The Crisis Resilience Academy focuses on learning to better understand, and where possible to augment, the interactions and cooperation between formal authorities, responding organizations and other involved communities during crisis situations. Though the world has always had its share of disturbances and crises, new problems like accelerated urbanization, climate change and globalization create a sense of urgency to adjust the current crisis management systems. The current types of crises are characterized by having multiple causes, by the ambiguity of their effects and different resolutions as well as the shared conviction that solutions should be taken collectively. Formal authorities who are under pressure to ‘restore order’, struggle to govern cooperating reactive networks and local communities in order to manage potential conflicting interests and actions. Traditional top-down command and control solutions therefore often come up short. What is needed, are new perspectives that create partnerships and promote resilience.
With action-research into crisis resilience this ISR Academy contributes to professional/civic communities to develop their capacities to prepare for disruptions (risk reduction), to recover from shocks and stress, and to adapt and grow from the disruptive experience. Those are not easy tasks, as the various stakeholders involved in the response might make different sense of the crisis. The challenge is to develop solutions that give directions and embrace collaboration and interaction of planned and unplanned responses at the same time.

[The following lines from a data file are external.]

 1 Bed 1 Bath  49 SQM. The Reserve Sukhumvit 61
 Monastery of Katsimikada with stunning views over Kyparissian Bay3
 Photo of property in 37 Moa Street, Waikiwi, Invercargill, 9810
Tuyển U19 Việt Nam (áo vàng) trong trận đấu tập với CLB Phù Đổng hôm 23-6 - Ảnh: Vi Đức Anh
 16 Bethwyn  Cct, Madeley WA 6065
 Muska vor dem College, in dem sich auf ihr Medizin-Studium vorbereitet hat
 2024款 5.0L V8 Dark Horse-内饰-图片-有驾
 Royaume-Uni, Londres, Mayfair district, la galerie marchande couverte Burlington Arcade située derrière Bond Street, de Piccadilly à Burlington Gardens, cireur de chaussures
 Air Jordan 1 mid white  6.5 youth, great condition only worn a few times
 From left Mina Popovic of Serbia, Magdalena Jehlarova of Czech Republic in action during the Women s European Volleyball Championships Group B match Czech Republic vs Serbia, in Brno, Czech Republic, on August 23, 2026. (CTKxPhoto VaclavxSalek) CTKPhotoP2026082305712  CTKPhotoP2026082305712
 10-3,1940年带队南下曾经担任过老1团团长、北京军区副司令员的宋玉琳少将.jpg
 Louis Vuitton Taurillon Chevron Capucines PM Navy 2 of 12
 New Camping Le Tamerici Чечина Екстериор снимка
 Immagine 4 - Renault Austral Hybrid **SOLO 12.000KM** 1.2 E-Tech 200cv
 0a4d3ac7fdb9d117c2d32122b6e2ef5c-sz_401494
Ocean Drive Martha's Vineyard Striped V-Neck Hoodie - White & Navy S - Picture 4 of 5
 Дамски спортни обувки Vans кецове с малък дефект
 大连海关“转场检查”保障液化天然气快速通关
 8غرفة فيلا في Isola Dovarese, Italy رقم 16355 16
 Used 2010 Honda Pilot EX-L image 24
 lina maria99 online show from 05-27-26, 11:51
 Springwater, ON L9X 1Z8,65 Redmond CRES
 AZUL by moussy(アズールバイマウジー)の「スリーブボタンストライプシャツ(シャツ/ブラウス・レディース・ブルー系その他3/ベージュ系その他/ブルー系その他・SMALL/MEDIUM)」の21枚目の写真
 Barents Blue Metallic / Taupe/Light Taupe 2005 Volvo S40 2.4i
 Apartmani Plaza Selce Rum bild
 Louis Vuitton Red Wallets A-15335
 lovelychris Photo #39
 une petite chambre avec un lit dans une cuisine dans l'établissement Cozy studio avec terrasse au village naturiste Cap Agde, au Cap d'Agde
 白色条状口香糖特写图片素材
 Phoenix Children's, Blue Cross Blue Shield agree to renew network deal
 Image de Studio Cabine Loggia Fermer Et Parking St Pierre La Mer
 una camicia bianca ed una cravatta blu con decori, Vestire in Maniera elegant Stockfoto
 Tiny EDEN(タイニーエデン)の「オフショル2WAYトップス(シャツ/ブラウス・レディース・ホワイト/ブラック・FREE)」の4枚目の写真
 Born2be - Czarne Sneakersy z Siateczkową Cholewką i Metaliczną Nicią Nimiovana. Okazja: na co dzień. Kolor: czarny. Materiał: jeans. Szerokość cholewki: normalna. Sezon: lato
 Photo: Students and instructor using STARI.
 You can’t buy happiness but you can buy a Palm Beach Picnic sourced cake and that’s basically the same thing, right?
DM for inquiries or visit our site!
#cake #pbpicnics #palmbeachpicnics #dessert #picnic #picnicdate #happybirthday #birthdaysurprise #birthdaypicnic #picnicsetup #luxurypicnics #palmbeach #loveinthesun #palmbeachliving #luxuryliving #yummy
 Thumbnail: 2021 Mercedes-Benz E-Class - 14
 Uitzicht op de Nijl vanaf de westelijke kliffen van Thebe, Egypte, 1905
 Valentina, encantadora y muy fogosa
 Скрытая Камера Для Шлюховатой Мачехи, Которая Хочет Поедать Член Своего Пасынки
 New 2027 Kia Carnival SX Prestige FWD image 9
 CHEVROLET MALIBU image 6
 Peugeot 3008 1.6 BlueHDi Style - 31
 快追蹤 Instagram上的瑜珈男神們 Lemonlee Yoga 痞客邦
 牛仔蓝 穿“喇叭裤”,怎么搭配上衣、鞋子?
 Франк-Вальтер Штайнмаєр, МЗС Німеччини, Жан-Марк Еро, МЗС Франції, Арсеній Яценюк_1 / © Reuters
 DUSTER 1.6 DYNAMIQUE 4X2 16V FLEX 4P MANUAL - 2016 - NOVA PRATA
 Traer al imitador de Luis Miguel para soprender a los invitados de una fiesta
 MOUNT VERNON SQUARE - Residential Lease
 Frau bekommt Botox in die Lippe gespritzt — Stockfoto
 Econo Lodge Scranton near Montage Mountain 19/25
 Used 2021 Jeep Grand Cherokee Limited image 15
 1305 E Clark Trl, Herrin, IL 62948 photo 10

In this Academy we don’t see resilience as purely reactive. It is precisely the disruptive events or crises that make new collaborations, contacts, consortia and networks between citizens, communities, private and public organizations possible. Action-research into these dynamic networks contributes to determine the success (and failure) of crisis management by the government, organizations, groups and citizens. Our assumption is that if the social networks are well utilized, society can ultimately deal with crisis in a resilient manner. We study new technologies, methods and organizational forms, such as netcentric operations, big data analytics, early warning systems, forecast-based financing, and the use of social media platforms as promising directions. At the same time, we address the intended and unintended consequences (including for example information overload in relation to decision making, surveillance practices, and forms of inclusion and exclusion) of the solutions that are used to mobilize people and organizations, share information between them, and coordinate and steer their (inter)actions.